Accountable Health Communities Model

April 21, 2025

Accountable Health Communities Model

Did you know that where people are born, grow, work, and live directly impacts their health and well-being? These factors are known as health-related social needs or social determinants of health, and include things like access to food, housing, transportation and utilities.

Consider this situation: you have been recently diagnosed with a condition that requires adjustments to your diet, new medication, and regular checkups. You have every intention to follow the steps your doctor has suggested to you but run into a handful of challenges:

    • You live in an area without a grocery store that is within walking distance, which makes it challenging to add the foods your doctor has suggested that will help you manage your condition.
    • Your car hasn’t been working for months, and you don’t have enough money to have it fixed. This makes it challenging to make it to your checkups and difficult to pick up your prescriptions.
    • Your new medication must stay cold to work well, but your utilities are shut off regularly because you are faced with the choice to pay for your rent or utilities.

You visit your doctor for a checkup, and your doctor asks how you’ve been feeling since your last appointment. You share your challenges, and your doctor listens with concern. Without knowing the full picture, including your housing, transportation, and food access needs, it’s hard for your doctor to offer the right support. That’s where screening for social needs can make a real difference.

Accountable Health Communities

Situations like this are why the Centers for Medicare and Medicaid (CMS) awarded Health Net of West Michigan and 27 other organizations across the United States funding to implement the Accountable Health Communities Model. The work spanned the period of2017 to 2022 and laid the foundation for collaborative efforts to screen for health-related social needs, build robust referral processes, and improve resource navigation practices.

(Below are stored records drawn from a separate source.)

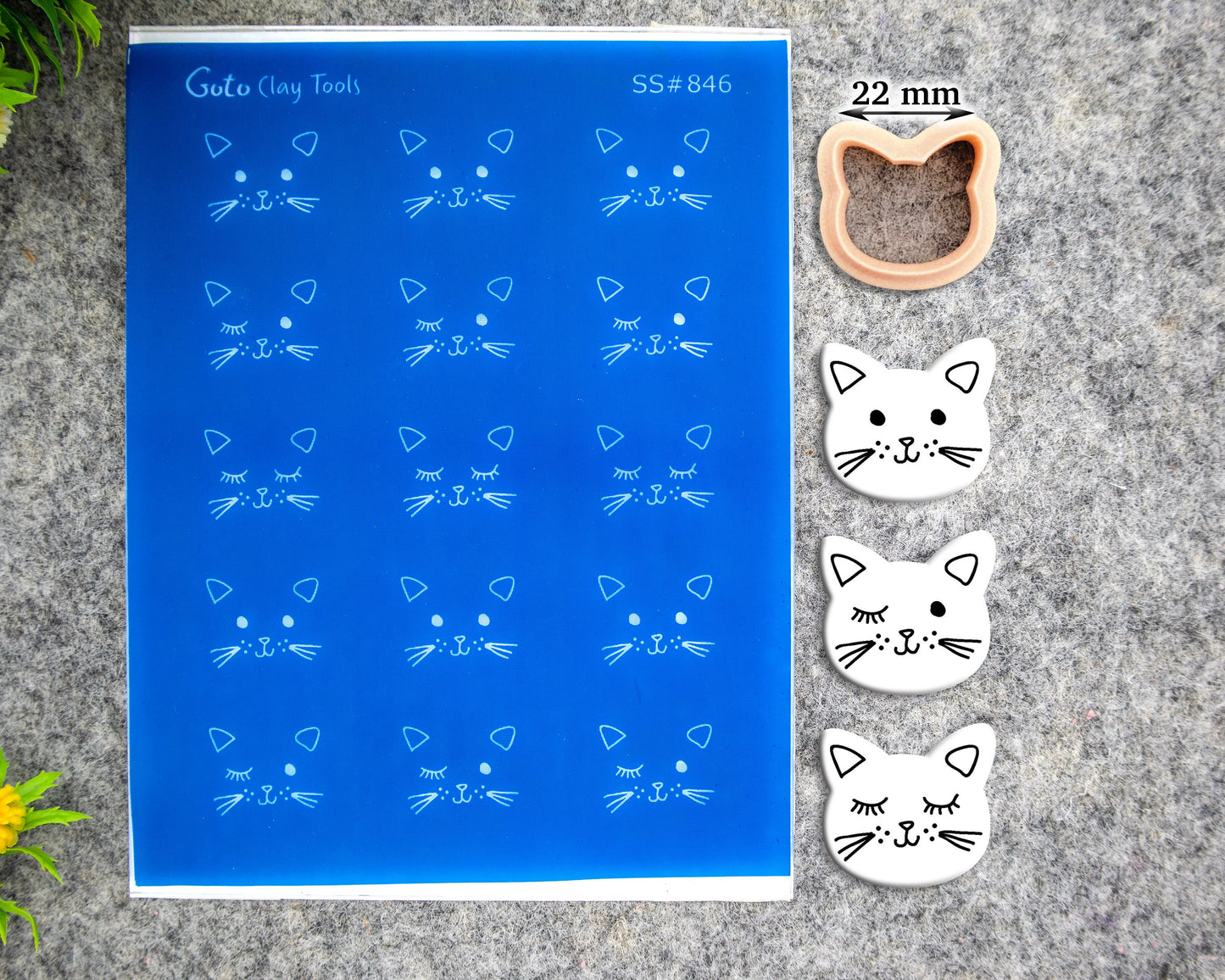 Cat Face Silkscreen for Polymer Clay Earrings: Jewelry Making Stencil SS#846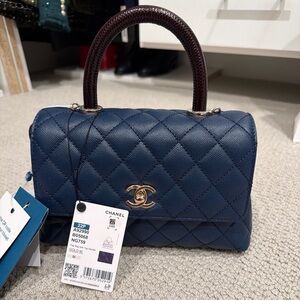 Chanel Dark Blue top handle flap bag satchel NWT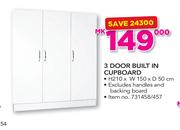 3 Door Built In Cupboard Excluding handles And Backing Board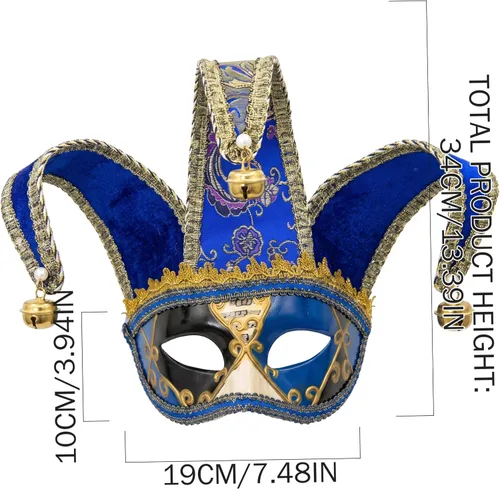 Vista 8 de Máscara para hombre, estilo bufón de media cara, azul, talla única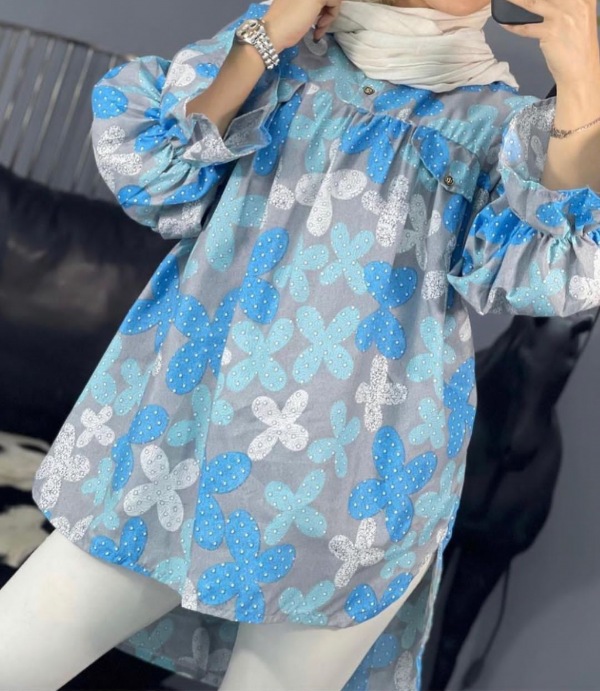 مانتو نخی گلدار طرح گل شبدر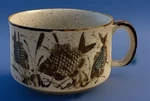 1978 Enesco Stoneware Mug Wild Life Refuge Glazed Speckled Rustic Fish In Water. Fixed Price $17.99.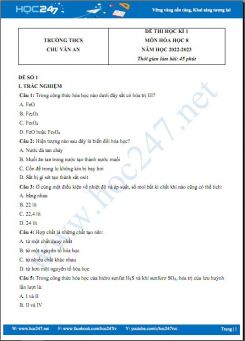Bộ 5 đề thi HK1 môn Hóa học 8 có đáp án năm 2022-2023 Trường THCS Chu Văn An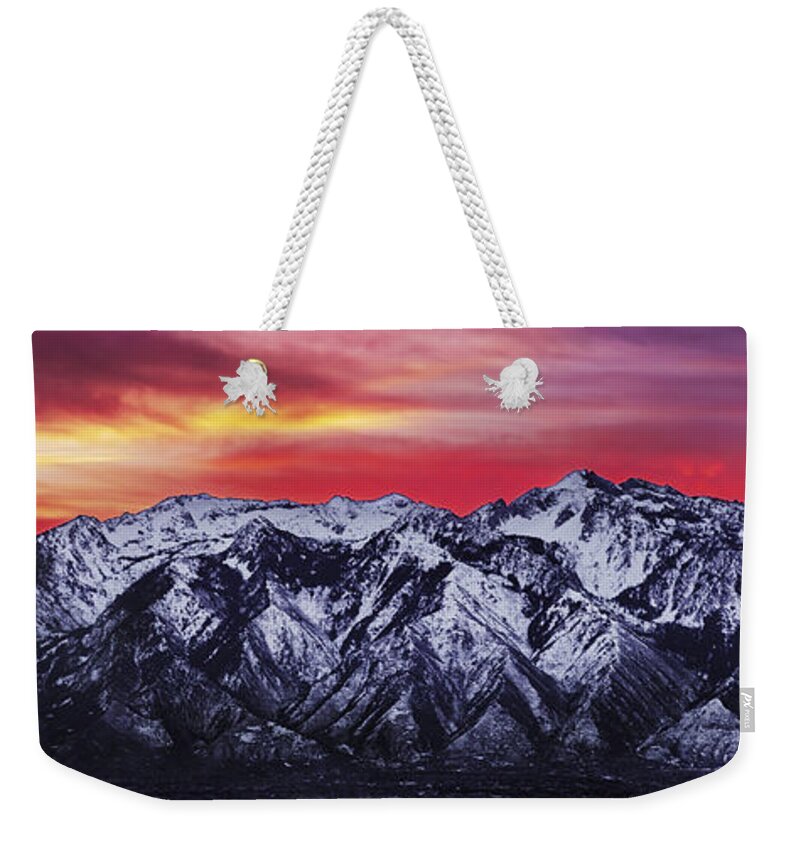 Sky Weekender Tote Bag featuring the photograph Wasatch Sunrise 3x1 by Chad Dutson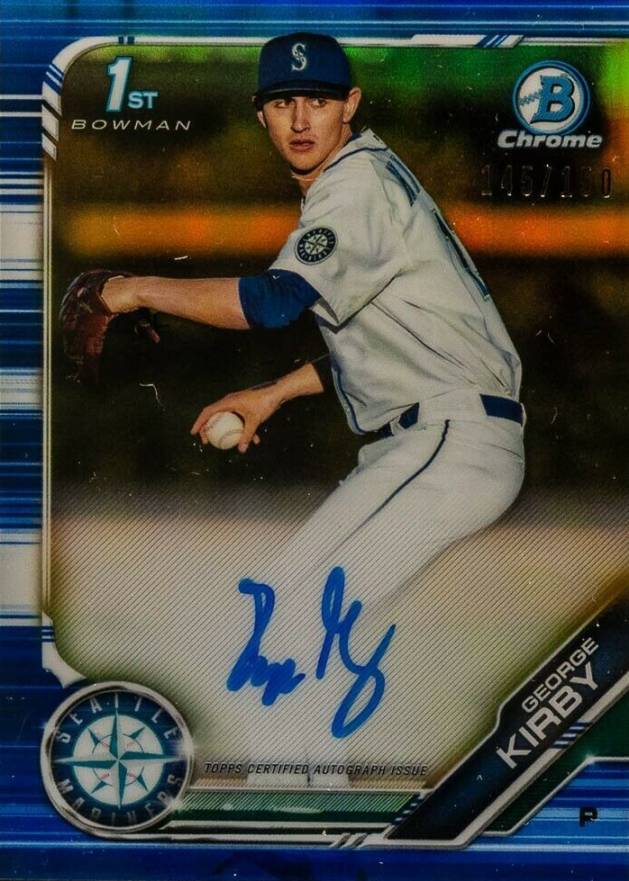 2019 Bowman Draft Chrome Draft Picks Autograph George Kirby #CDAGK Baseball Card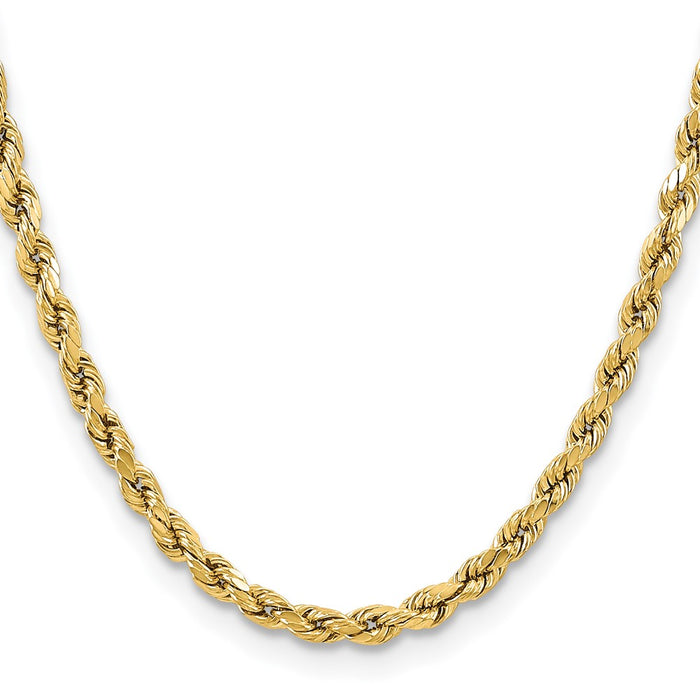 Shop Luxury 14K Gold 22-Inch Diamond-Cut Rope Chain, 5.5mm - Stylish Value!-2
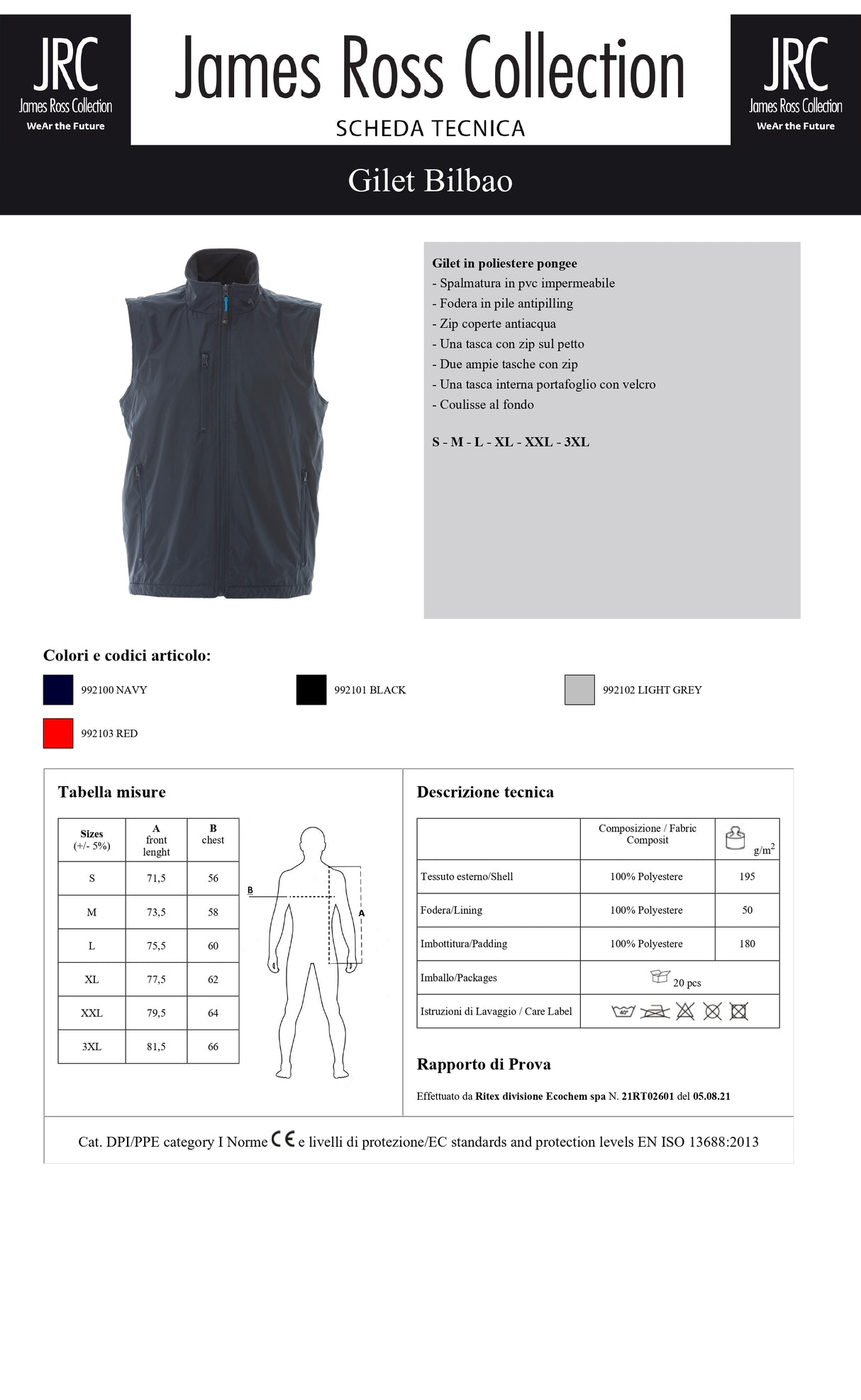 GILET IMPERMEABILE JRC BILBAO UOMO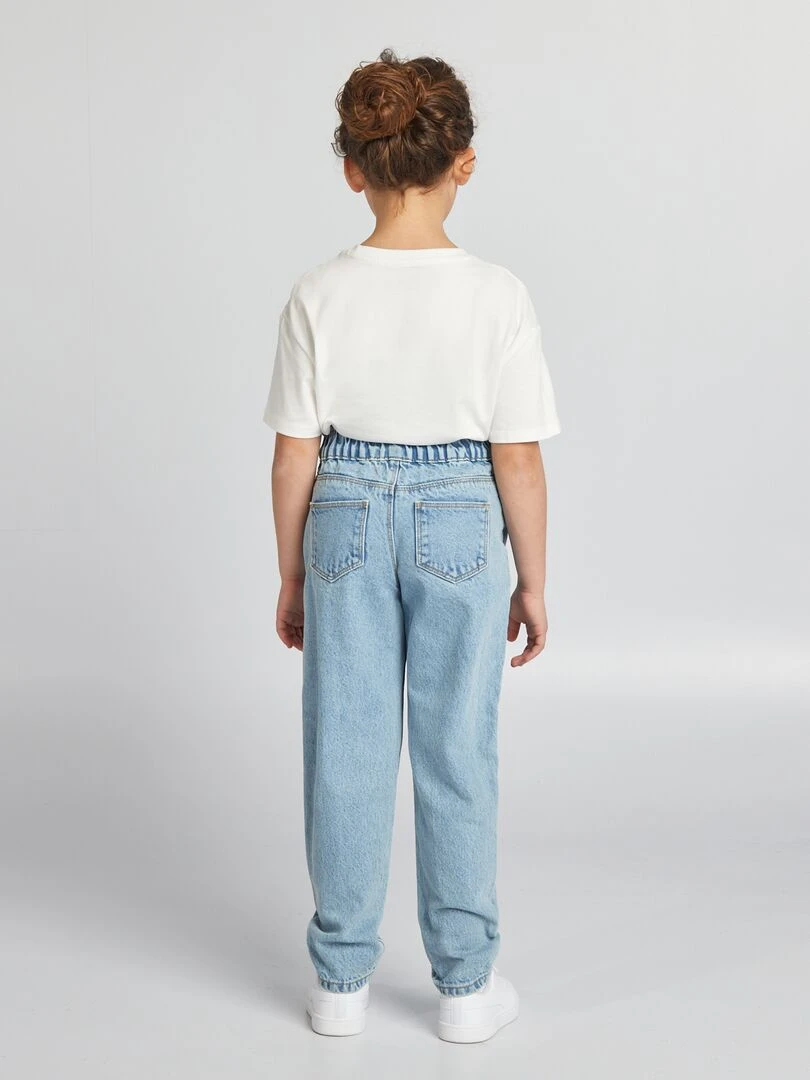 Jean mom paperbag Bleu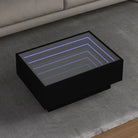 Salontafel met LED-infinity spiegel van bewerkt hout voor elke ruimte - Zwart / 70 x 50 x 30 cm / 1 - Salontafels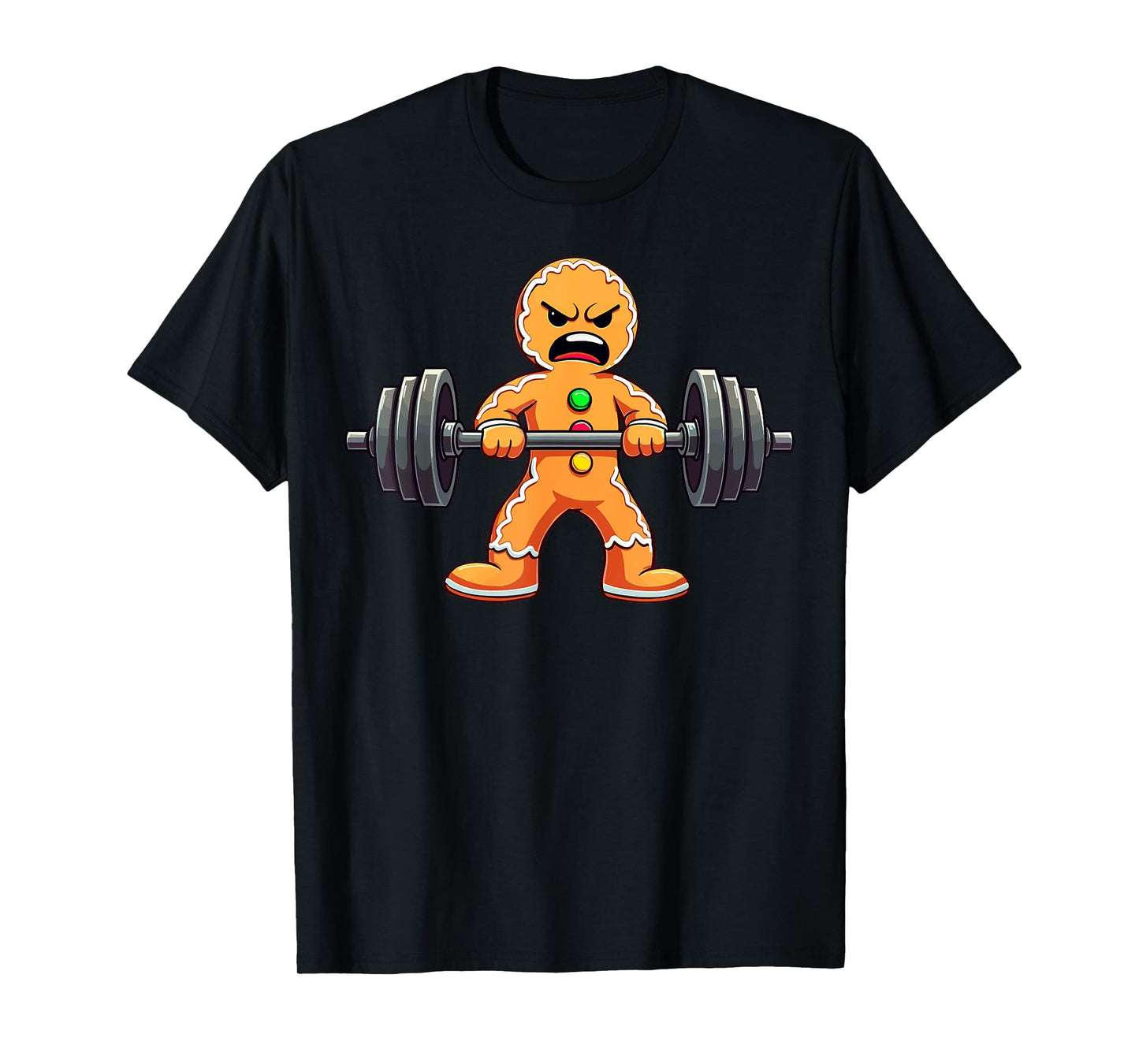 Gingerbread Weightlifter Christmas Powerlifting Xmas Gym T-Shirt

Throughout the project, the focus areas for screening included:

    • Housing instability
    • Utility needs
    • Food insecurity
    • Transportation
    • Interpersonal safety

(To learn why these areas were chosen as the primary focus areas for screening click here.)

Project Goals

Through screening, referral, and navigation services the project aimed to achieve the following goals:

      1. Helping Medicare and Medicaid beneficiaries with unmet health-related social needs to connect with community resources through screening, referral, and navigation services.
      2. Optimize community capacity to address health-related social needs through quality improvement, data-driven decision-making, and coordination and alignment of community-based resources.
      3. Reduce inpatient and outpatient healthcare use and total cost by addressing unmet health-related social needs through referral and connection to community services.

Impact of Community Engagement

Read the case study about how Health Net implemented community input and engaged with our Community Advisors throughout the project.

Outcomes and Lessons Learned

Outcomes from the national project can be found here:

A full summary of the initiative can be viewed here:

The Accountable Health Communities Model highlighted how addressing health-related social needs directly supports the health and well-being of our community. At Health Net of West Michigan, we’re proud to carry these lessons forward and continue working toward a healthier, more connected community.